++++ Input data ++++
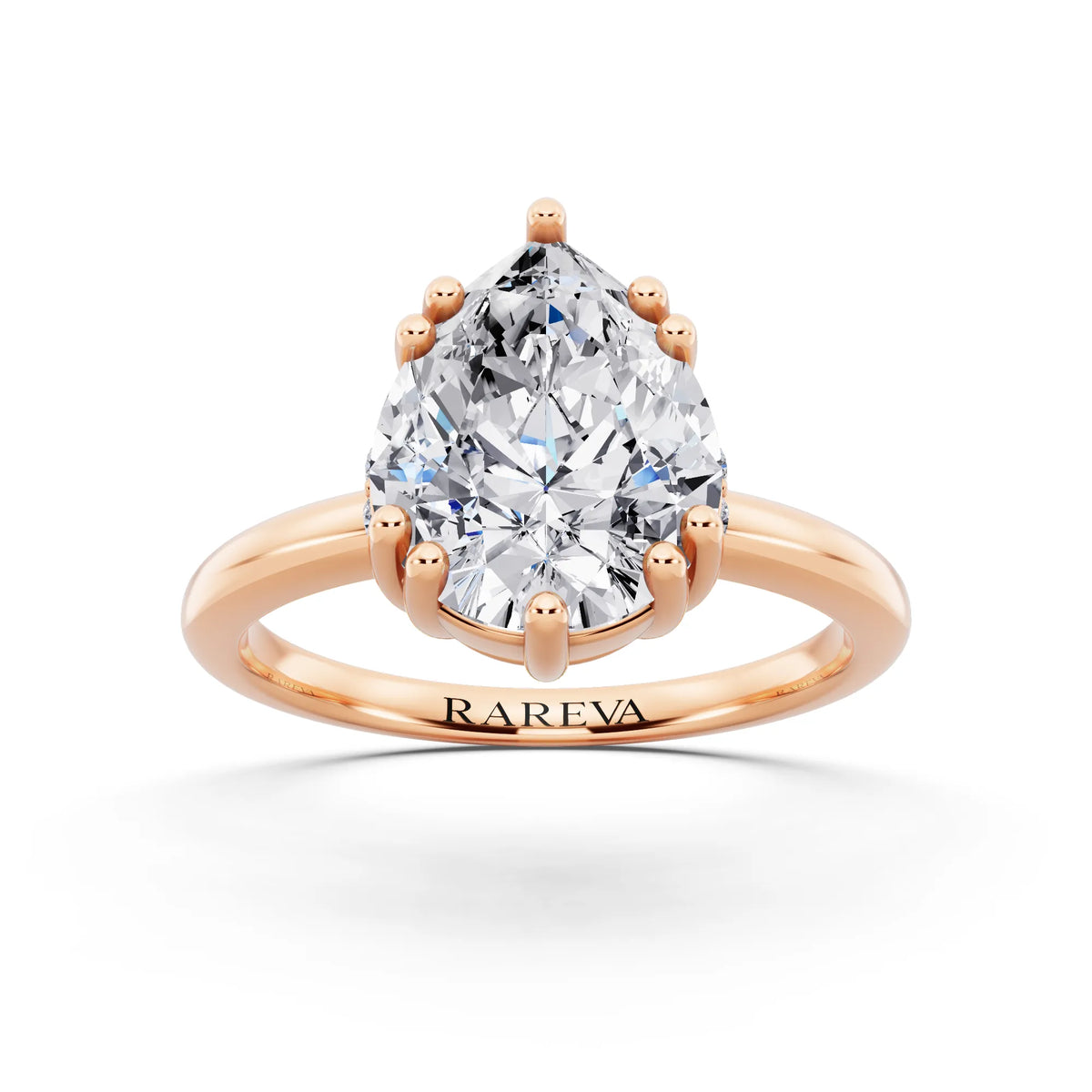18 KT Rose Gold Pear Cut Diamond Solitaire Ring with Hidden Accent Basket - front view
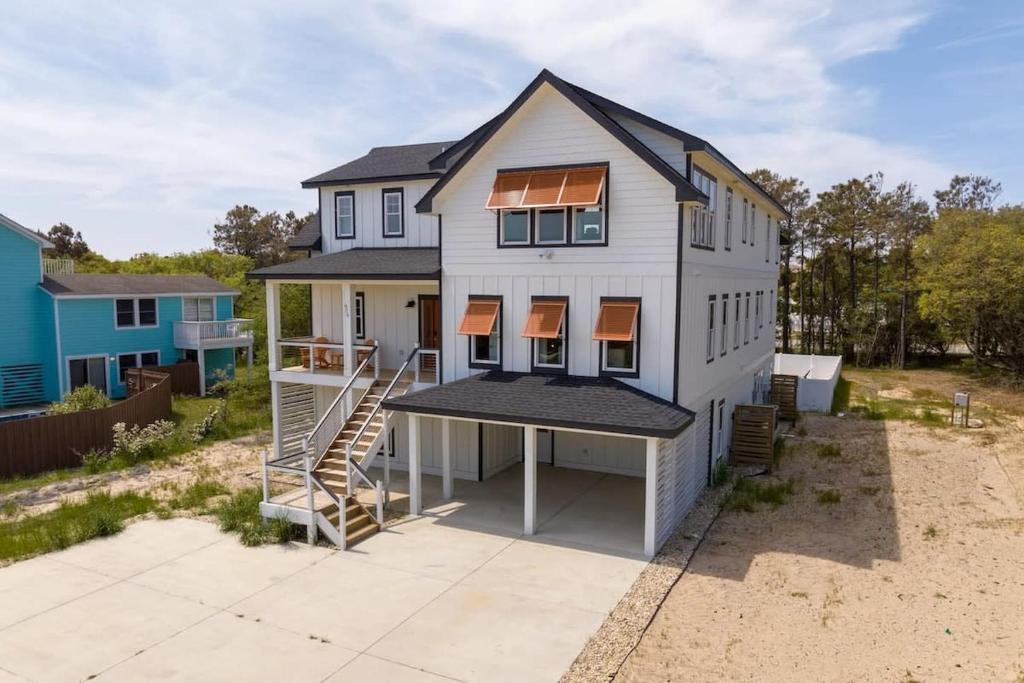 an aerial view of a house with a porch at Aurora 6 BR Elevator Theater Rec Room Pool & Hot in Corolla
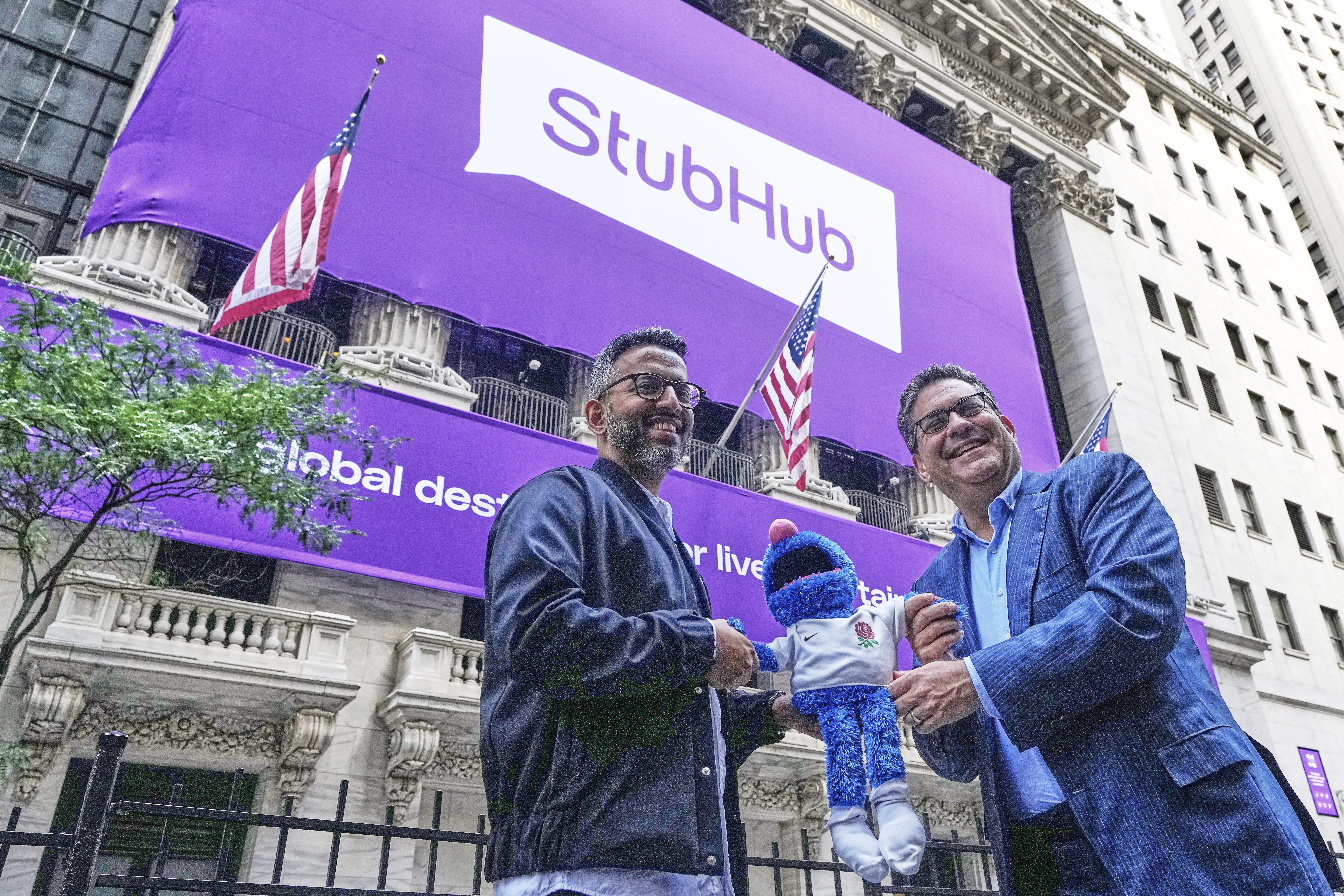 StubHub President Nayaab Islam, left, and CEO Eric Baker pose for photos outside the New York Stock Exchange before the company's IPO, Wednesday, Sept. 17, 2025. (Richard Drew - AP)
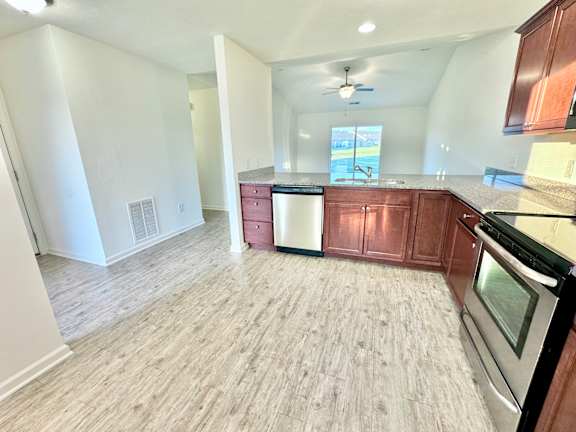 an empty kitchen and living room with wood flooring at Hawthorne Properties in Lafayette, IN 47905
++++
**Task to carry out:**
Reproduce, word for word, the lines from the one containing "an aerial view" through the final line above. Leave every picture out.

**Exercise output:**
 an aerial view of a house with a porch at Aurora 6 BR Elevator Theater Rec Room Pool & Hot in Corolla
 StubHub President Nayaab Islam, left, and CEO Eric Baker pose for photos outside the New York Stock Exchange before the company's IPO, Wednesday, Sept. 17, 2025. (Richard Drew - AP)
 an empty kitchen and living room with wood flooring at Hawthorne Properties in Lafayette, IN 47905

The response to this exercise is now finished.